→ **WORK ITEM**
Set every record down again exactly. Do not carry over the pictures.

→ **PROVIDED RECORDS**

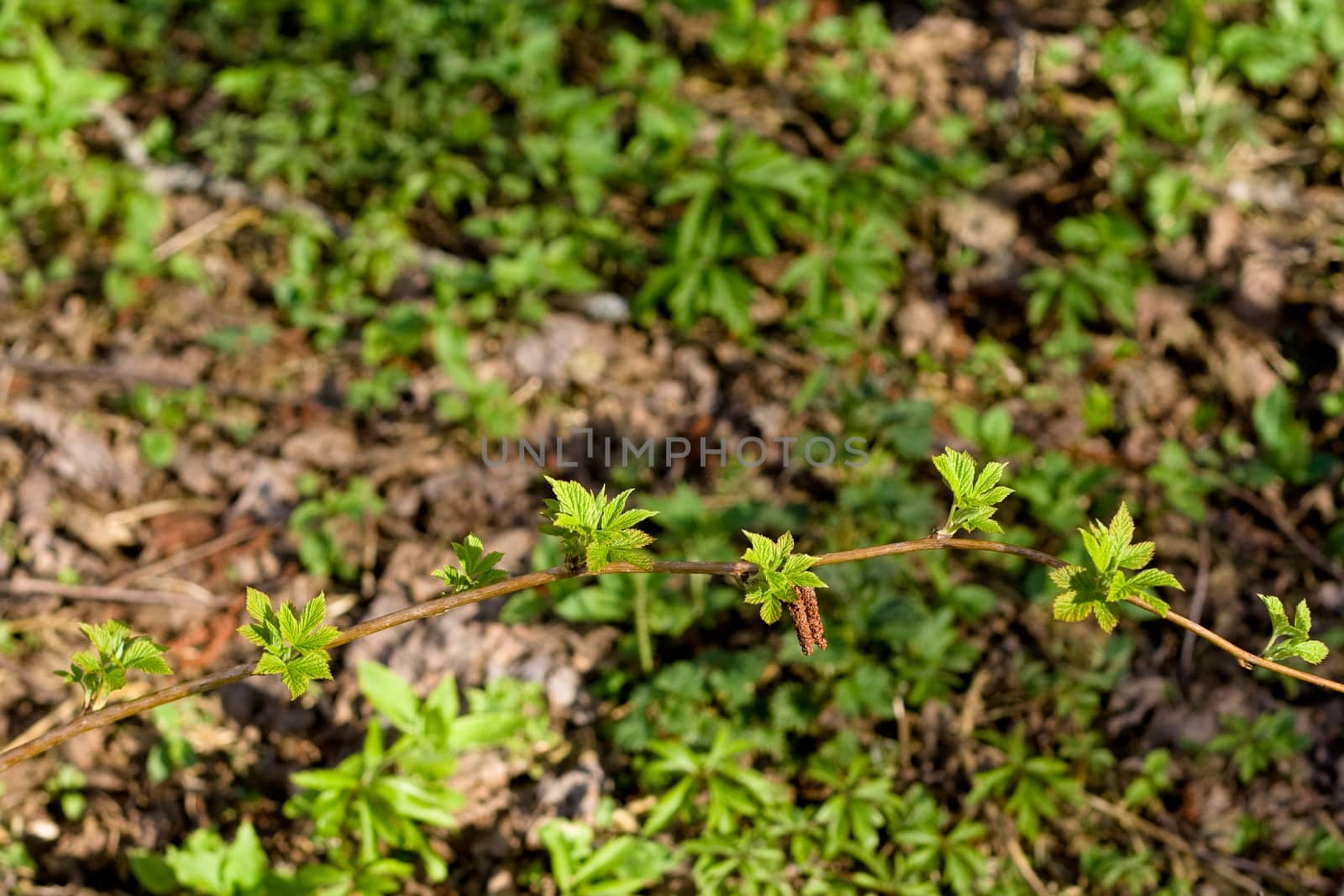 plant are pushing out new leaves
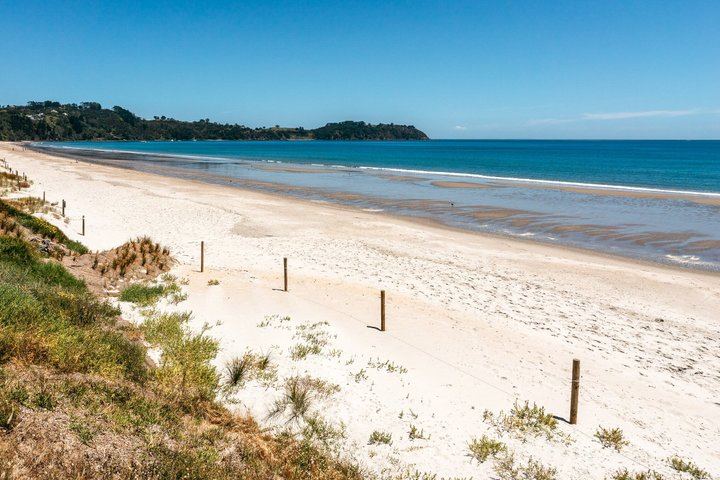 Waiheke Half-Day Scenic Wine Tour: Two Vineyards, Platter Lunch, 12pm Ferry (10/11)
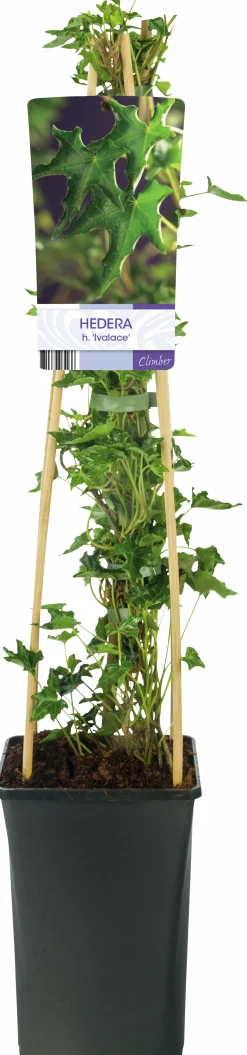 Murgröna 'Ivalace'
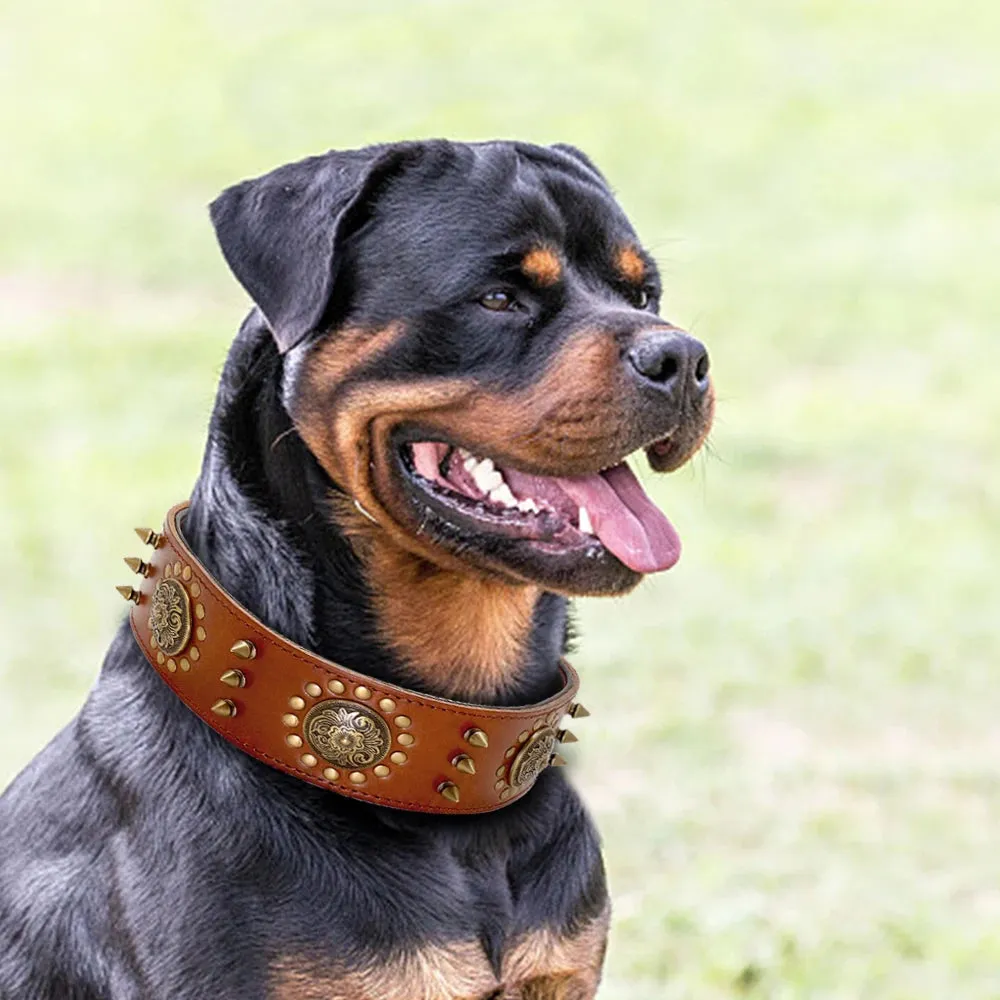 Durable Leather Dog Collar - Spiked & Studded Adjustable Collar for Medium to Large Dogs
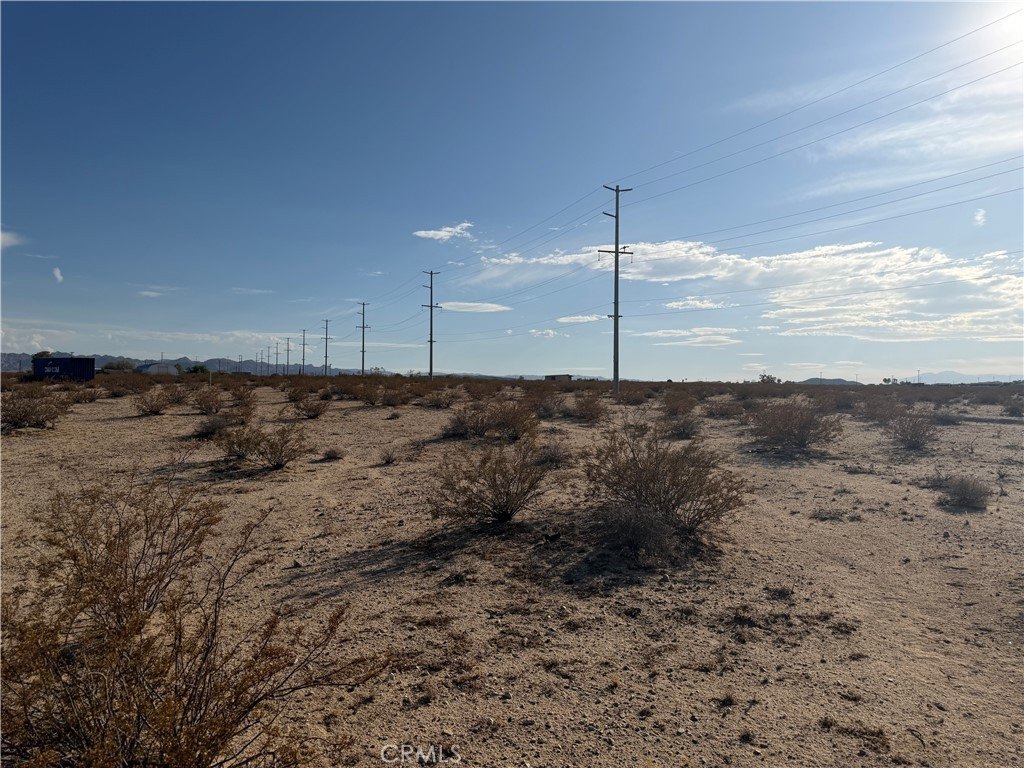 Picture 6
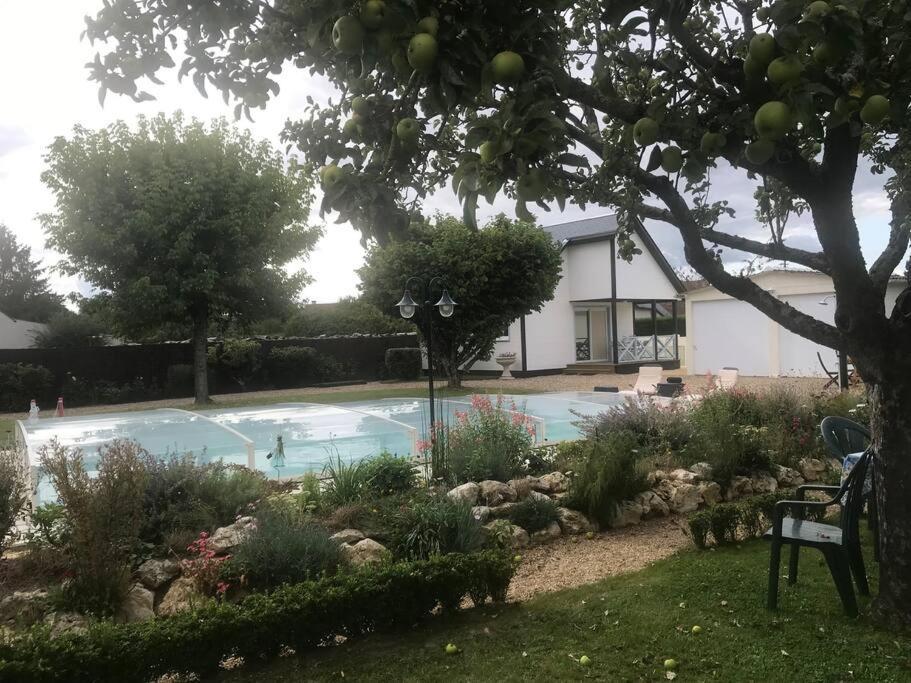 Gite Chalet-Piscine "Belle-Etoile" Touraine Anjou Courcelles-de-Touraine Esterno foto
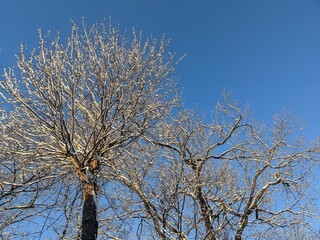 雪が積もった樹木 11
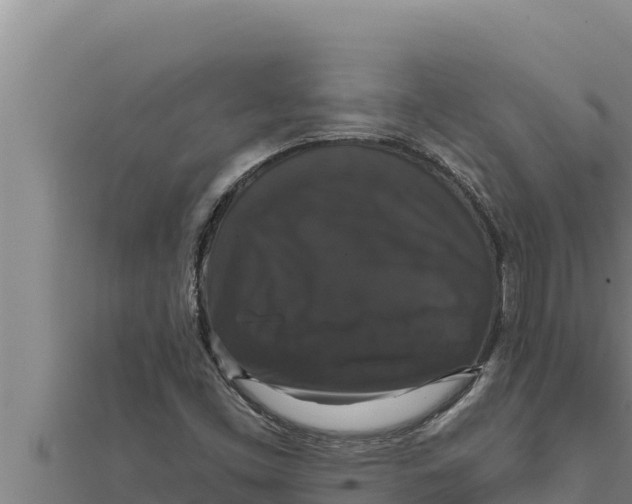 X0000111521453200908041233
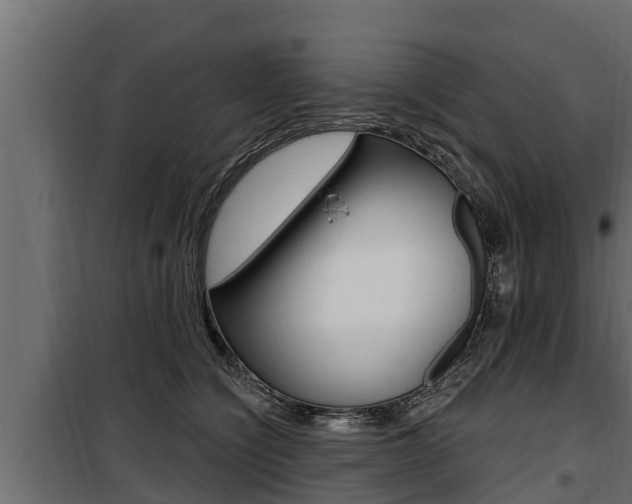 X0000100780564200806191019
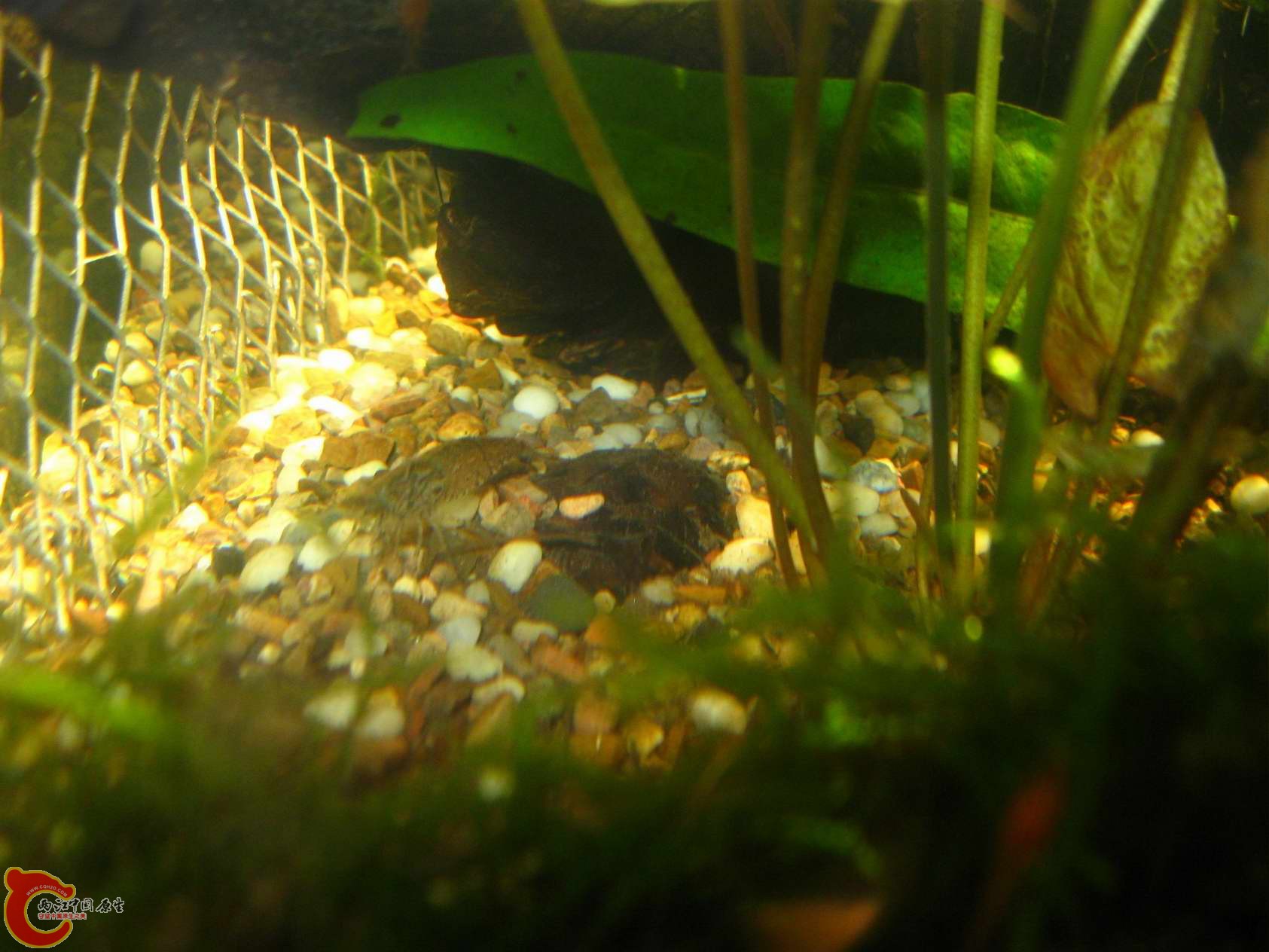 调整大小 照片 076.jpg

→ **ANSWER FOR THE TASK**
 plant are pushing out new leaves
 Waiheke Half-Day Scenic Wine Tour: Two Vineyards, Platter Lunch, 12pm Ferry (10/11)
 Murgröna 'Ivalace'
 Durable Leather Dog Collar - Spiked & Studded Adjustable Collar for Medium to Large Dogs
 Picture 6
 Gite Chalet-Piscine "Belle-Etoile" Touraine Anjou Courcelles-de-Touraine Esterno foto
 雪が積もった樹木 11
 X0000111521453200908041233
 X0000100780564200806191019
 调整大小 照片 076.jpg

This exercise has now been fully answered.